== What you have to do ==
What you return should be only the lines starting at the one that contains "White Long Sleeve Woolen Coat" and running to the end of the listing, exactly as written, minus any pictures.

# # # # # # #

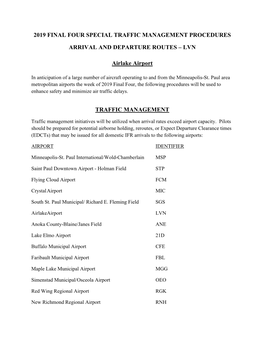 2019 FINAL FOUR SPECIAL TRAFFIC MANAGEMENT PROCEDURES ARRIVAL and DEPARTURE ROUTES – LVN Airlake Airport TRAFFIC MANAGEMENT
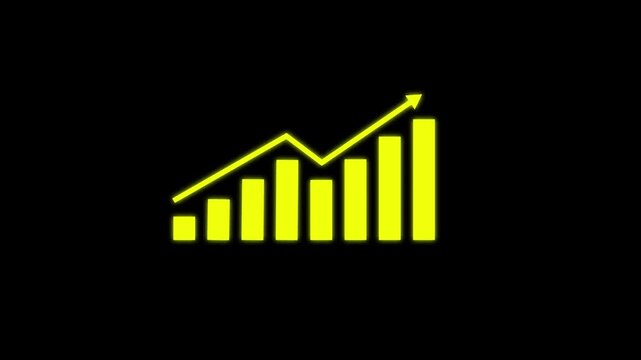 Motion animated footage. Statistics bars columns growth, arrow up. Finance, Bar graph going up, Profit concept, positive increase chart. business graph animation.
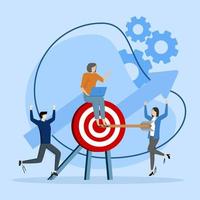 Concept Teamwork, common goals Business team carrying big arrows to goal. Metaphor for a common cause. Leader leading team towards common goal concept. modern illustration modern illustration vector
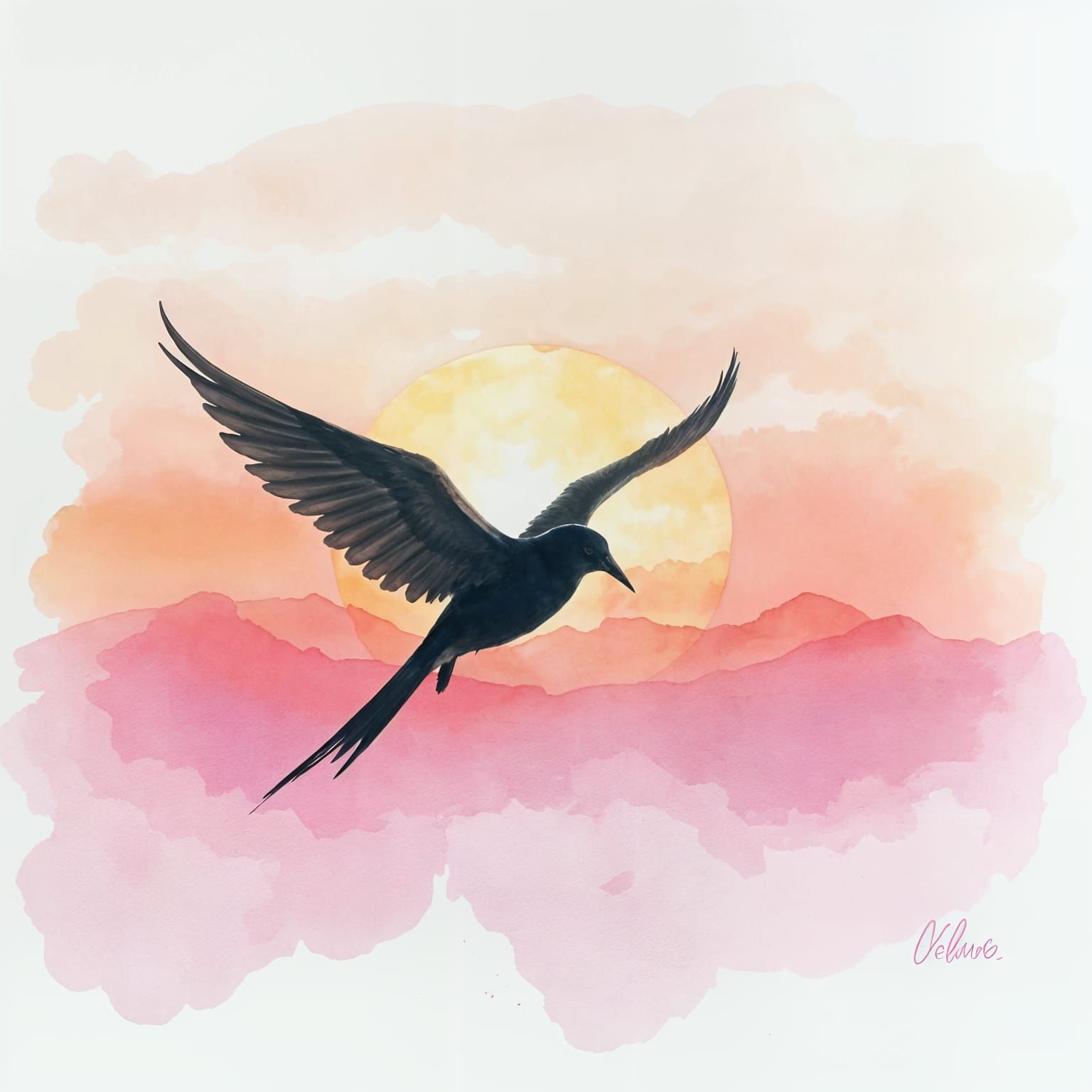 Watercolor Bird Silhouette in Sunrise Landscape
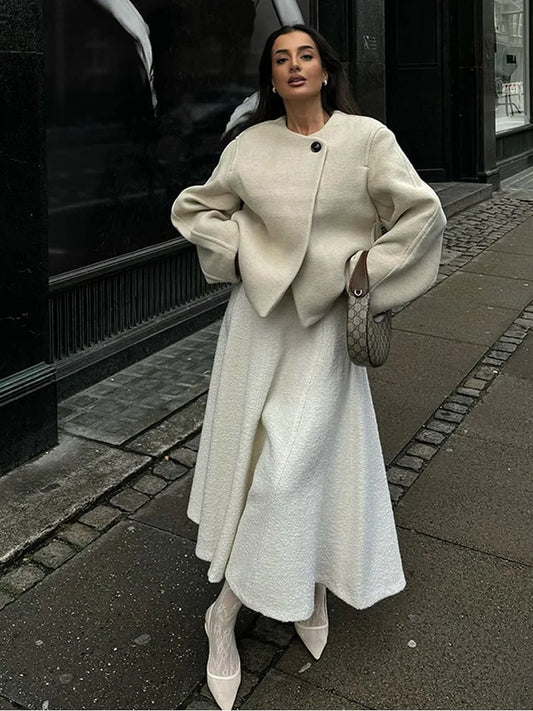 White Long Sleeve Woolen Coat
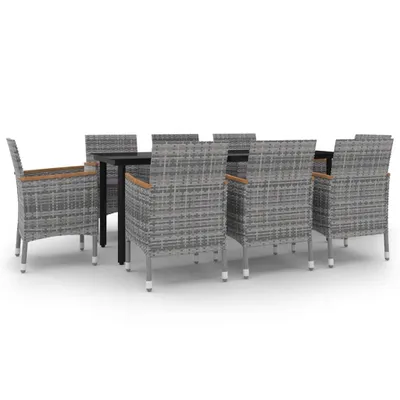 Zdjęcie produktu dla 9-cz. zestaw mebli ogrodowych z poduszkami, rattan PE i szkło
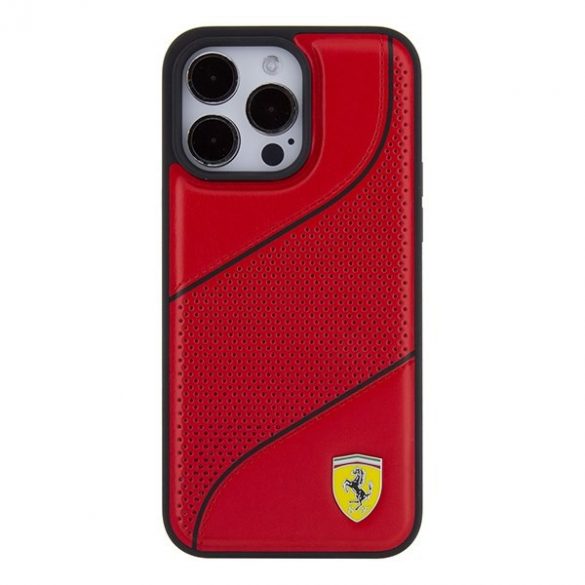 Carcasă rigidă Ferrari FEHCP15LPWAR pentru iPhone 15 Pro 6.1, roșu/czerwony, Perforated Waves Metal Logo"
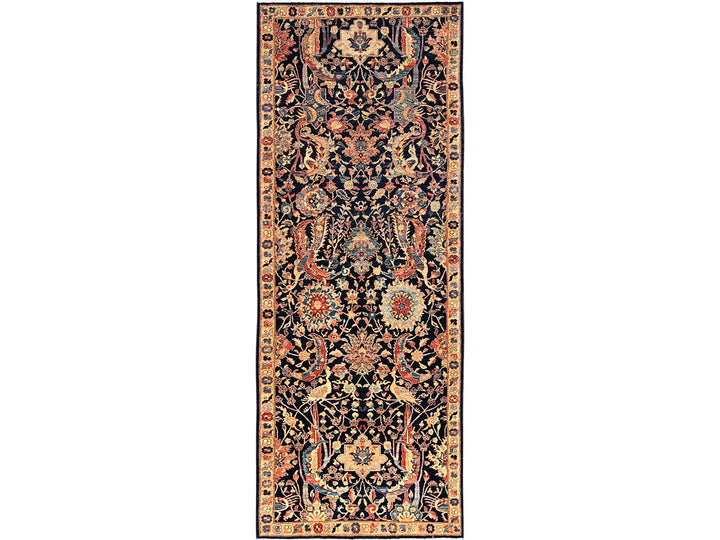 4'11" x 14'0" New Hand Knotted Blue Wool Runner Oriental Rug - MOA1021638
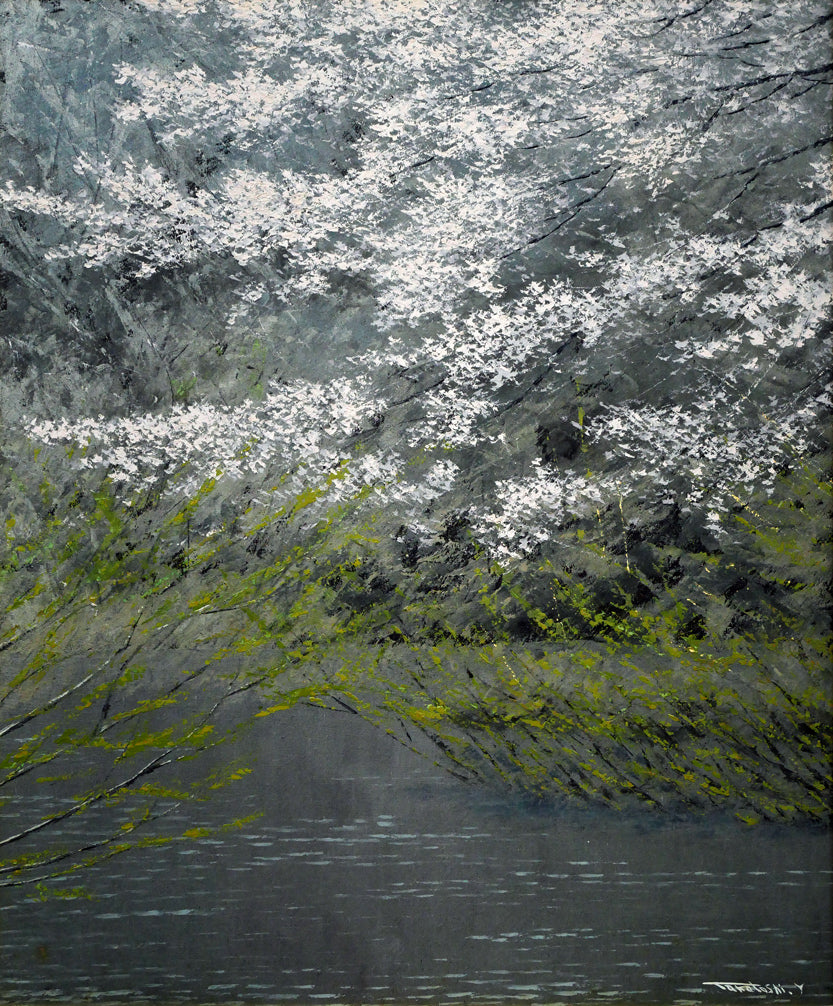山崎貴稔「水元(公園・桜・東京)」油絵・F20号 作品全体画像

# # # # # # #

== Your response ==
 White Long Sleeve Woolen Coat
 Zdjęcie produktu dla 9-cz. zestaw mebli ogrodowych z poduszkami, rattan PE i szkło
 Carcasă rigidă Ferrari FEHCP15LPWAR pentru iPhone 15 Pro 6.1, roșu/czerwony, Perforated Waves Metal Logo"
 4'11" x 14'0" New Hand Knotted Blue Wool Runner Oriental Rug - MOA1021638
山崎貴稔「水元(公園・桜・東京)」油絵・F20号 作品全体画像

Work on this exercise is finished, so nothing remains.